Lisbon – Pemain muda Benfica, Gianluca Prestianni, berencana menuntut Vinicius Junior dan Kylian Mbappe setelah menerima sanksi sementara dari UEFA terkait dugaan penghinaan rasial. Prestianni mengajukan pengaduan pencemaran nama baik terhadap kedua pemain Real Madrid tersebut.
Dugaan Rasisme dan Sanksi UEFA
Kasus ini bermula dari tuduhan bahwa Prestianni menghina Vinicius secara rasial dalam pertandingan antara Benfica dan Real Madrid di Lisbon akhir pekan lalu. Tudingan tersebut diperkuat oleh klaim Kylian Mbappe, yang mengaku mendengar pemain asal Argentina itu memanggil Vinicius dengan sebutan ‘monyet’ sebanyak lima kali. Menanggapi hal ini, Real Madrid telah mengirimkan laporan dugaan rasisme yang menimpa Vinicius kepada UEFA. Badan sepak bola Eropa tersebut kemudian membentuk tim investigasi untuk mendalami kasus ini. Akibatnya, Prestianni dijatuhi sanksi larangan bermain dalam leg kedua pertandingan antara Benfica dan Real Madrid di Santiago Bernabeu, yang dijadwalkan pada Kamis, 26 Februari 2026. Sanksi yang diterima Prestianni saat ini masih bersifat sementara, menunggu hasil penyelidikan lebih lanjut.
Bantahan dan Rencana Tuntutan Balik
Benfica sendiri telah mengajukan banding atas hukuman yang diterima pemainnya tersebut kepada UEFA. Gianluca Prestianni secara tegas membantah tuduhan melakukan penghinaan rasial terhadap Vinicius.

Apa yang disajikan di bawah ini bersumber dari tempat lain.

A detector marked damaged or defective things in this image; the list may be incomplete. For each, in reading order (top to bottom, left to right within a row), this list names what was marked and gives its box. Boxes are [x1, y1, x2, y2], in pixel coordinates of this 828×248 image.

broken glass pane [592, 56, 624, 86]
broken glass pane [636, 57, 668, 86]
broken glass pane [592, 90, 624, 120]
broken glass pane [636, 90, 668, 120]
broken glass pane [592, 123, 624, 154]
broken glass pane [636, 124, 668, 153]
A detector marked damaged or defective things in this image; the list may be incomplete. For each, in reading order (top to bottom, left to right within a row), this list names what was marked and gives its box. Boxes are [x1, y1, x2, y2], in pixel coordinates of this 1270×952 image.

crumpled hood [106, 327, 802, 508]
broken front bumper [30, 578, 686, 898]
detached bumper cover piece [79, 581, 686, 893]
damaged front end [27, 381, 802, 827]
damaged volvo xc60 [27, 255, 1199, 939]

Ia mengklaim bahwa sebutan yang dilontarkannya kepada pemain asal Brasil itu adalah ‘homo’, bukan ‘mono’ (monyet dalam bahasa Spanyol).
Menurut laporan dari El Chiringuito, Prestianni berniat mengajukan tuntutan kepada Vinicius dan Mbappe. Tuntutan tersebut akan diarahkan kepada UEFA, FIFA, dan otoritas peradilan Portugal. Pemain berusia 20 tahun itu merasa tuduhan rasisme yang dialamatkan kepadanya tidak benar dan telah merusak reputasinya. Prestianni memiliki dasar hukum untuk mengambil tindakan terkait masalah ini, termasuk melaporkan pencemaran nama baik yang merusak citra diri serta kesaksian palsu yang diberikan oleh Vinicius dan Mbappe.
Faktor kunci dalam rencana tuntutan balik Prestianni adalah keputusan final dari UEFA. Apabila hasil investigasi menyatakan bahwa dirinya tidak bersalah, maka langkah hukum untuk menuntut Vinicius dan Mbappe dapat dilanjutkan. Tidak hanya menuntut balik atas pencemaran nama baik, Prestianni juga berhak menuntut kompensasi finansial serta permintaan maaf secara publik dari kedua pemain Real Madrid tersebut.